TASK PROMPT → For the data that follows, return each line unchanged and drop the pictures.

*** Opening GIVEN MATERIAL ***

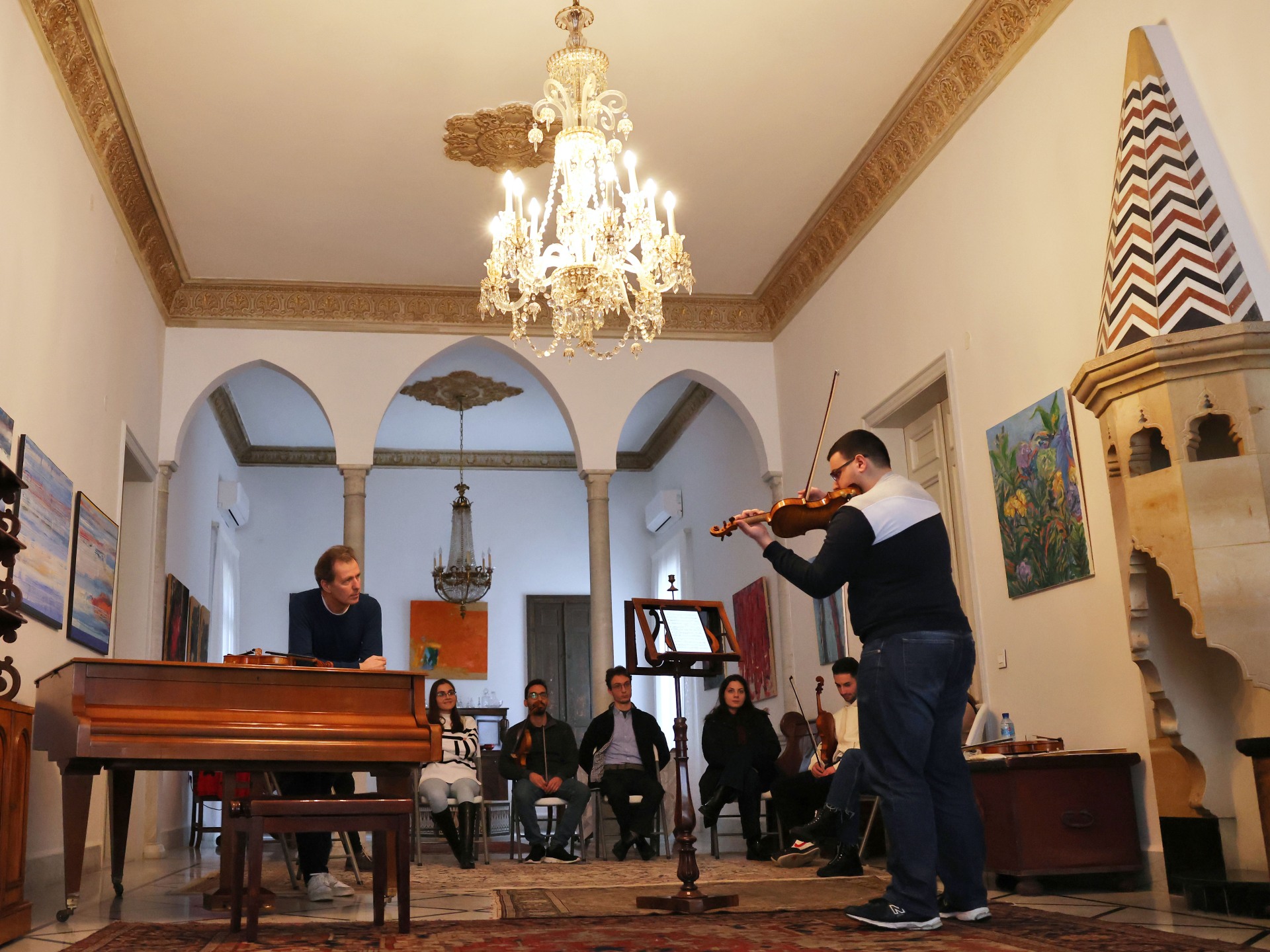 "بيت التباريس" في بيروت يفتح أبوابه للموسيقيين الشباب رغم الأزمة الاقتصادية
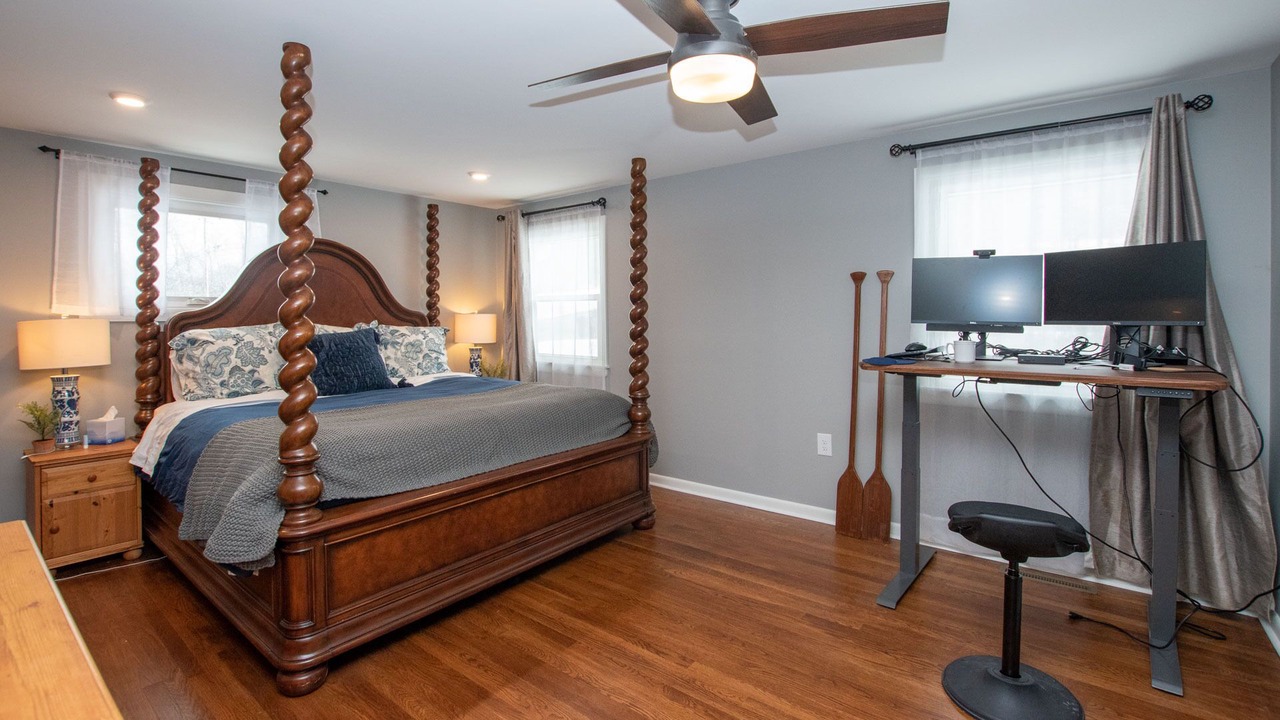 Photo of Bedroom in Lansing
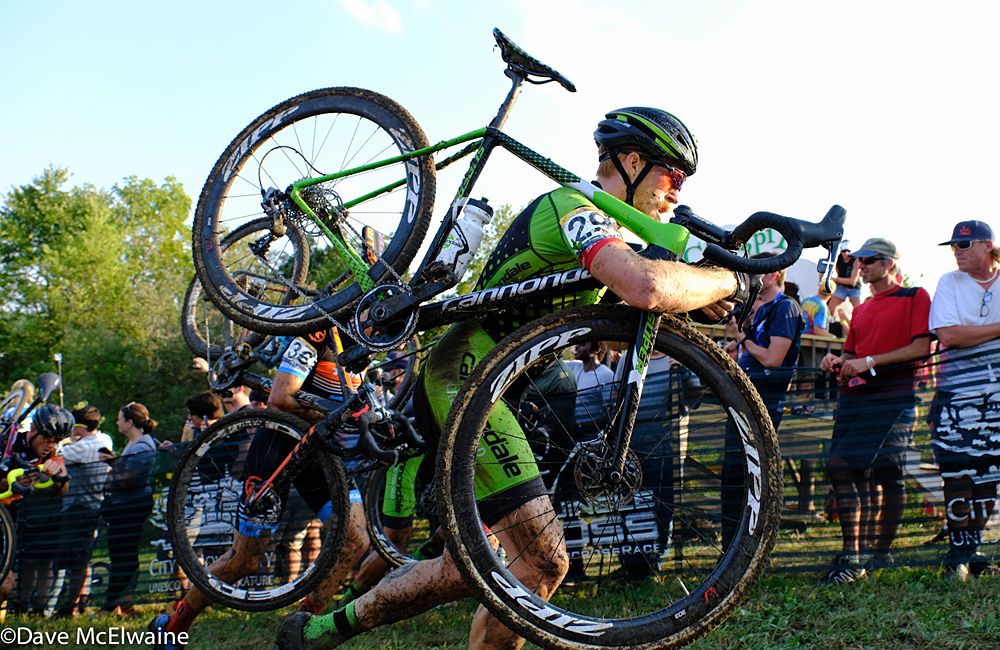 Stephen Hyde (USA) running Mt. Krumpit during the third lap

*** Closing GIVEN MATERIAL ***

YOUR SOLUTION →
 "بيت التباريس" في بيروت يفتح أبوابه للموسيقيين الشباب رغم الأزمة الاقتصادية
 Photo of Bedroom in Lansing
 Stephen Hyde (USA) running Mt. Krumpit during the third lap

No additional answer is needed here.